OKLAHOMA CITY, OKLAHOMA

THE MODERATOR:  Coach, congratulations on your wins and your thoughts about this upcoming event.
COACH COALE:  We're thrilled to be back in Oklahoma City, have the opportunity to compete in the Sweet 16.  Four tremendous basketball teams at this location.  It should be a great weekend of the highest caliber of women's basketball.
I'm proud of my team.  I'm proud of our fan base for how they're supporting and buying tickets.  Can't wait for Sunday afternoon.
THE MODERATOR:  We'll take questions.

Q.  This is an interesting matchup because even though the Lady Vols like to run, so does Oklahoma.  Could you talk about this matchup.
COACH COALE:  I think we do both like to play up‑tempo, although our up‑tempos are a little bit different.  Tennessee is really, really fast, explosively fast.  Meighan Simmons might be the fastest guard I've ever seen on the floor.  You remember I coached Danielle Robinson for four years.
We like to play fast as well.  I think it's really important to play at our speed and not theirs.  Part of that is taking care of the basketball.  You can limit their ability to run a little bit if you don't turn it over obviously in the open floor.
I think another part of that is shot selection.  We have to take the right shots so there aren't long rebounds that lead to that transition that they love, as well.

Q.  Can you describe how you held it together this year with the loss of Whitney and injuries, your mindset after that game.
COACH COALE:  You know what, it's been a crazy ride this year.  I still remember vividly exactly how I felt the moment Whitney went down.  I don't remember with much clarity what happened after the game.  But the moment she planted her feet and went up for the jump shot I remember clearly.
I remember holding her hand on the court and I remember walking out of an arena that had the absolute breath sucked out of it.  It was the quietest and yet an arousing standing ovation for her.  Just one of those moments in sports you don't see very often, thank goodness.
But we made a decision that we were going to find a way to do special things and to be extraordinary.  I think that's been the most rewarding part of this journey, has been the continuous correct decisions by a bunch of courageous young student‑athletes who simply wake up every day and decide they want to be special.  I don't use that word 'special' very often, but this group is special.
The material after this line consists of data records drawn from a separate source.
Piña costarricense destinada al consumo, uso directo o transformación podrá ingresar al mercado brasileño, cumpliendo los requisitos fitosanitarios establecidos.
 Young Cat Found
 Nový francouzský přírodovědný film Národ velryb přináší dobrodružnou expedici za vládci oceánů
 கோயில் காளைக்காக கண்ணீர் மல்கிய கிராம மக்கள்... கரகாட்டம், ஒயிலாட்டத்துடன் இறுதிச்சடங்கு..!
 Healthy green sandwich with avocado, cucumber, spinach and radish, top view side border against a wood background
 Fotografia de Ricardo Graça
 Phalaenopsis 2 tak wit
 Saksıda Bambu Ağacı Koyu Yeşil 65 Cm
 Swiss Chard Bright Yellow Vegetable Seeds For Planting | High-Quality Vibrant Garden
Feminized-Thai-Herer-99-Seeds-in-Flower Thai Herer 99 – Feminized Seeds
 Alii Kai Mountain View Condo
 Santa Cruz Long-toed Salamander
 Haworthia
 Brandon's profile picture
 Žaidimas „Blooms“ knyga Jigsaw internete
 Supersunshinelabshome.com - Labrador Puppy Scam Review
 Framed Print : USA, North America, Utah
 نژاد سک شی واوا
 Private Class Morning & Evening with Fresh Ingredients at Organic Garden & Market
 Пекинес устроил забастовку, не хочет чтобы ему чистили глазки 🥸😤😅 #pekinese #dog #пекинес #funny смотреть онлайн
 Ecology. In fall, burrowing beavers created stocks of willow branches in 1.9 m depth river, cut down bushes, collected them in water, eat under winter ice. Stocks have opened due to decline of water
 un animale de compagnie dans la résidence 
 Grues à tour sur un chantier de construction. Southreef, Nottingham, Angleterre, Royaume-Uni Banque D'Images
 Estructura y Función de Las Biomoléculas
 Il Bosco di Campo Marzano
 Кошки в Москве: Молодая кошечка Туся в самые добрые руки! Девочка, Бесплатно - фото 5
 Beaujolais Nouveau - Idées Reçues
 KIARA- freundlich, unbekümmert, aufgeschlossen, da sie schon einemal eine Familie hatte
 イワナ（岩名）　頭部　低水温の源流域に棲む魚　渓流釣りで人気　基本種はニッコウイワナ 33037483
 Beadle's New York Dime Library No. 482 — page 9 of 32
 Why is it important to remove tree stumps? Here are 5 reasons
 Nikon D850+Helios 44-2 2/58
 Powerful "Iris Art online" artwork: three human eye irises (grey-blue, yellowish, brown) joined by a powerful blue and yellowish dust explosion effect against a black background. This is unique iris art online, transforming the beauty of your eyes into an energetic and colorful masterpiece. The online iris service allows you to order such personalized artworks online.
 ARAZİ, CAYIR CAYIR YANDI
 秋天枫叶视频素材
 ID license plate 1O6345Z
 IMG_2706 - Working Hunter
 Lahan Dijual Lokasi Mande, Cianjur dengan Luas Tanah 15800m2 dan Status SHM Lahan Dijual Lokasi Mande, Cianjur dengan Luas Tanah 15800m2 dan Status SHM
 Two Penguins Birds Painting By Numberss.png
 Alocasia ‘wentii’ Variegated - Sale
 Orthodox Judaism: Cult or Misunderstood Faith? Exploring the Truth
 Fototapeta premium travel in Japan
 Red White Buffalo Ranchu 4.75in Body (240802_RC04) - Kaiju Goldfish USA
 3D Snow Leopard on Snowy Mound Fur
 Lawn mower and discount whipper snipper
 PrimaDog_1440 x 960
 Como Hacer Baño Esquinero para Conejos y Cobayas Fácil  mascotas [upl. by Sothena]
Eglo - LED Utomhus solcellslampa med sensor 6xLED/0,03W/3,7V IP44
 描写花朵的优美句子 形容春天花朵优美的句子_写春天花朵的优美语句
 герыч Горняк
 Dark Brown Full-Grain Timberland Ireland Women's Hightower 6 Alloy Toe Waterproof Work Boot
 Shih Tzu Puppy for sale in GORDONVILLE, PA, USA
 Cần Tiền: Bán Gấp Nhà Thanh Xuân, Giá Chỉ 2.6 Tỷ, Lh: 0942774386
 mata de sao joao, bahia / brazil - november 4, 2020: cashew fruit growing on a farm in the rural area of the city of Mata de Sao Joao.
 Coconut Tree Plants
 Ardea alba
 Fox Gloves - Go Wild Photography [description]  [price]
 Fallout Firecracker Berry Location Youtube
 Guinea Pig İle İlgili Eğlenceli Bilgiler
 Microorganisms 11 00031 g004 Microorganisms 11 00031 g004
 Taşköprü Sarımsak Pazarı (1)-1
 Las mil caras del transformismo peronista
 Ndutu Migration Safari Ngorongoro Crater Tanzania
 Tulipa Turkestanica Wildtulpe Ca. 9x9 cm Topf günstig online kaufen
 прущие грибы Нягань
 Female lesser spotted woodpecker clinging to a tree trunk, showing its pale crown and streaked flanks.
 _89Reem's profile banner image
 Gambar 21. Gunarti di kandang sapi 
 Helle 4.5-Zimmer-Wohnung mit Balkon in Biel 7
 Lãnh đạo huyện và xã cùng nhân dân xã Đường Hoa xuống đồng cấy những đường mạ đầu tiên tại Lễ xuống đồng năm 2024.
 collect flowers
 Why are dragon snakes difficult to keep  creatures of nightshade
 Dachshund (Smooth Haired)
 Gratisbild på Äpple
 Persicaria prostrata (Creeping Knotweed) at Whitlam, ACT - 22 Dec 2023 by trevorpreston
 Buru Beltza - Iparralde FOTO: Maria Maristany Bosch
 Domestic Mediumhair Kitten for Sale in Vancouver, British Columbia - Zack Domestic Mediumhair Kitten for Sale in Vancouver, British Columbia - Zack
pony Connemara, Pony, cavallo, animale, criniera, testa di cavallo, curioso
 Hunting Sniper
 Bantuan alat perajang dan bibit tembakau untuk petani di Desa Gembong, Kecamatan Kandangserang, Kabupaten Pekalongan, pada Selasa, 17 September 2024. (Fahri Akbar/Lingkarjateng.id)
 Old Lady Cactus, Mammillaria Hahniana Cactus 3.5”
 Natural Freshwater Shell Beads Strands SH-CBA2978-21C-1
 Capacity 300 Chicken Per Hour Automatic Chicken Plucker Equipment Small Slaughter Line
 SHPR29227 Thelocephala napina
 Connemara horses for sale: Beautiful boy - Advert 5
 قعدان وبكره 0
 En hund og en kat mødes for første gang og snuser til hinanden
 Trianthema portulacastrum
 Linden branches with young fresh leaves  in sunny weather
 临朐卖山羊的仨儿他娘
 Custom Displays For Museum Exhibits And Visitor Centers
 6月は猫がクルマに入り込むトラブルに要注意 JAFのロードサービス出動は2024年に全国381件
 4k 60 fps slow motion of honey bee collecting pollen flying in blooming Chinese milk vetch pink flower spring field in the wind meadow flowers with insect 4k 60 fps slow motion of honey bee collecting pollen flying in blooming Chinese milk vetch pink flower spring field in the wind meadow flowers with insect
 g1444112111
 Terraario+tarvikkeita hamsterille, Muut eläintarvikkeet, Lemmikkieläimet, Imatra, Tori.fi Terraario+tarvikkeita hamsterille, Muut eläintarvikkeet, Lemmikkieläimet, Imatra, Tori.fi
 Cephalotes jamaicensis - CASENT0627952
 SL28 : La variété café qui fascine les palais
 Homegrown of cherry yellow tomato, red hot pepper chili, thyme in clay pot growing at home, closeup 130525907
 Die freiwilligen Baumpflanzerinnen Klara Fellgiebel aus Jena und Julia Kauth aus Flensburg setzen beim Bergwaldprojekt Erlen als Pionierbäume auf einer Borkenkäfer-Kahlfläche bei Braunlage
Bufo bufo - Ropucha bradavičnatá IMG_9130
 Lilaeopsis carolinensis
Q.  Can you talk about your overall satisfaction of making the Sweet 16.  What does it say about this team?
COACH COALE:  That's a really fine line because we are incredibly proud of what we've done.  It is very satisfying.  Here is my thing.  I always have these really smart kids.  I can talk around stuff.  They're going to know what's happening anyway.
So we just call spades spades.  We talk about what an accomplishment this is to be here.  We let it sort of sink in.  We looked at each other, we talked about it, we digested it, then we said, Okay, that was fun.  Now we have work ahead of us.  Don't let this be the end all.  Just getting here is not enough.  Who is to say what is enough?  What is enough is what you're capable of.
We believe we have a lot of basketball left in us and that's what we're looking for on Sunday.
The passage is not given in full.